Die Ortsgruppe Rheydt der Linken hat sich mit der Insolvenz der Drogeriemarktkette Schlecker beschäftigt. Jetzt droht die Zerschlagung des Unternehmens: Profitable Teile werden billig verscherbelt und bringen neuen Investoren gute Rendite. Der Rest wird wieder auf Kosten der Allgemeinheit „abgewickelt“.
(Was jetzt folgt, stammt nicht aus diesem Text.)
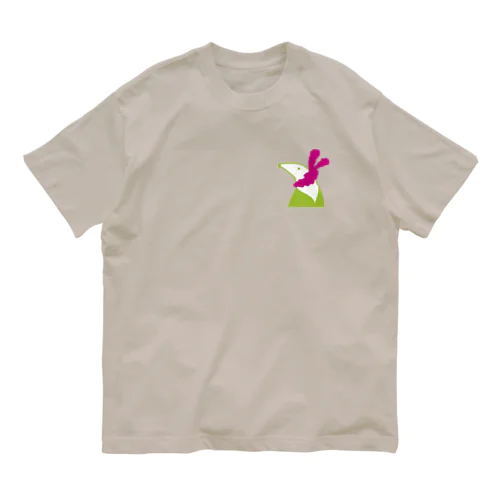 クイうさぎ オーガニックコットンTシャツ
Bundesweit sind über 30000 Beschäftigte durch Arbeitslosigkeit bedroht. Gerade der Fall Schlecker zeigt deutlich, dass dafür vor allem ein einzelner kapitalistischer Unternehmer verantwortlich ist. Deswegen erörterte die Ortsgruppe andere Lösungen und unterstützt den von Verdi angeregten Vorschlag, Schlecker in eine Genossenschaft zu wandeln.
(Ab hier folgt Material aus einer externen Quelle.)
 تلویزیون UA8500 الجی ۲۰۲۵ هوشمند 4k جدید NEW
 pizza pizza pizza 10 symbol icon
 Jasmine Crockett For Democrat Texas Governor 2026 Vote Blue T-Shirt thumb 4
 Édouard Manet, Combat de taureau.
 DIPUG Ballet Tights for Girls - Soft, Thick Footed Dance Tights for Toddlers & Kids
Die Schlecker-Tochter „Ihr Platz“ soll Ankermieter für den umgebauten Hauptbahnhof werden, deshalb ist das Thema besonders wichtig für Mönchengladbach. Die ersten von ehemals 26 Filialen in der Vitusstadt sind bereits geschlossen worden. Die verbliebenen Märkte sind oft wichtig für die kleinräumige Versorgung in Wohngebieten. „Warum sollen zukünftig Menschen am Hermges oder in Odenkirchen weitere Wege auf sich nehmen und damit den Autoverkehr fördern? Schleckers Konzept ist vor Ort zu sein, und das fördert Lebensqualität und verkürzt die Wege“, so Torben Schultz von der Ortsgruppe. „Versagt hat nicht die einzelne Angestellte vor Ort, sondern die Konzernzentrale. Egal was die Familie Schlecker noch auf dem Konto hat, sie hatte ein schönes Leben und noch immer ihren Grundbesitz. Bezahlt haben das die Angestellten mit Dumpinglöhnen und unzumutbaren Arbeitsbedingungen.“

Deswegen wünscht sich die Ortsgruppe, dass die engagierten MitarbeiterInnen künftig die Chance bekommen, selber für den Erfolg des Unternehmens zu sorgen und damit ihren Arbeitsplatz zu sichern. „Es ist doch schon unverständlich genug, dass durch die Plan-Insolvenz nun drei Monate lang Lohnkosten auf die Bundesarbeitsagentur abgewälzt werden“, so Schultz weiter. „Ehe wir weiter Geld in Gläubiger, Insolvenzberater und neue Investoren stecken, sollten wir in die Arbeitsplätze investieren. Die Beschäftigten sind Schleckers wertvollstes Kapital. Jeder Cent für die Gründung einer Genossenschaft wäre eine zukunftsträchtige Investition.“

Nach Zahlen der Bundesbank haben sich die Unternehmensgewinne im Einzelhandel in den vergangen Jahren fast verdoppelt. Die Leidtragenden des brutalen Wettbewerbs waren die Beschäftigten, deren Löhne gesenkt oder deren Arbeitsplätze abgebaut wurden. „Das muss ein Ende haben! Die Gewerkschaft Ver.di setzt sich für ein breites gesellschaftliches Bündnis von Beschäftigten, Kunden und Politik ein, um die Arbeitsplätze zu erhalten. Wir unterstützen diese Initiative und fordern, Schlecker in eine Genossenschaft zu wandeln“, schließt Schultz.